Jungua: Descendents of the Dragon December 27, 2008
By Glen Creason
Oh the feeble English language and the thesaurus that has such a limited amount of terms for incredible. Astonishing, astounding, marvelous, unusual are all words that would fit in describing the show “Jungua: Descendents of the Dragon” which is purported to be reflective of ancient Chinese culture using acrobatics, contortions, traditional dance and martial arts. Certainly the physical virtues of balance, flexibility and strength are in great evidence but there is also discipline, grace and courage shown in good measure here also. To make all of it more of a spectacle there are dramatic costumes, evocative sets and music that seemed more Cirque du Soleil than Zhou dynasty. Only the music was canned and modern with the rest being inspired by traditions that go back untold generations. The show is basically split in half with the men doing the kung fu or Qigong and the women showing their own style of strength, daring and grace in the acrobatics and dance. The gents have mostly trained in Henen where the world famous Shaolin temple exists and this 1500 year old discipline makes great demands on the body, requiring complete dedication and concentration. The ladies are drawn from the Beijing Acrobatic Troupe near the Forbidden City in Beijing and they also practice arts passed on for centuries.

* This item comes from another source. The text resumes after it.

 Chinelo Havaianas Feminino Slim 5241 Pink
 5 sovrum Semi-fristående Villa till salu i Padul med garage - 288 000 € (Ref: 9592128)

The program featured about twenty-five segments and each has its appeal and each challenged the viewer’s belief in the stamina and strength of the players. There were many exhibitions of the kung fu with flying lances, swords, hands, feet and other weapons too esoteric for my descriptions. There was “Animal Kungfu,” “Kungfu with weapons,” a sit up and take notice “Bullwhip Kungfu,” a “Kungfu Fighting” that had nothing to do with Carl Douglas and even “Chinese Fans Kungfu” that came very close to dance choreography. There were also feats of will and discipline including “Trident Quigong” which placed a spear into an artist’s stomach which would have pierced the flesh of almost anyone or thing. There was “Iron Head Quigong” that involved huge chunks of concrete and metal bars being smashed off a player’s cranium with a sledge hammer and the one that really had the audience squirming which placed men on sharp swords and beds of nails as they piled upon each other three layers high. No harm, no blood, no foul!
The ladies represented beauty and charm but also some unbelievable strength of their own. They enchanted in dances like “the Long Sleeves Dance,” or astounded in balance by spinning multiple colorful carpets with all available hands and feet, then actually used their mouths to make it five spinning at once. They deftly juggled umbrellas with their feet in a display of dexterity that would have been incredible had it been done with the hands. Yet, these were not the most incredible of their doings on this night. By far the most mind-bending of the ladies adventures was the single hand stand act that required the balance and contortion of an entire person on one dainty little hand supported by a shoulder of such strength it seemed absolutely impossible.
Not only did the audience learn a lot about Kung Fu and acrobatics we learned about the differences between Eastern and Western audiences who were represented in equal numbers on this night. Around my seats cries of amazement and appreciation rang out including the Chinese “Hoo Hoo!” and the Californian “Sheesh!” My sentiments exactly.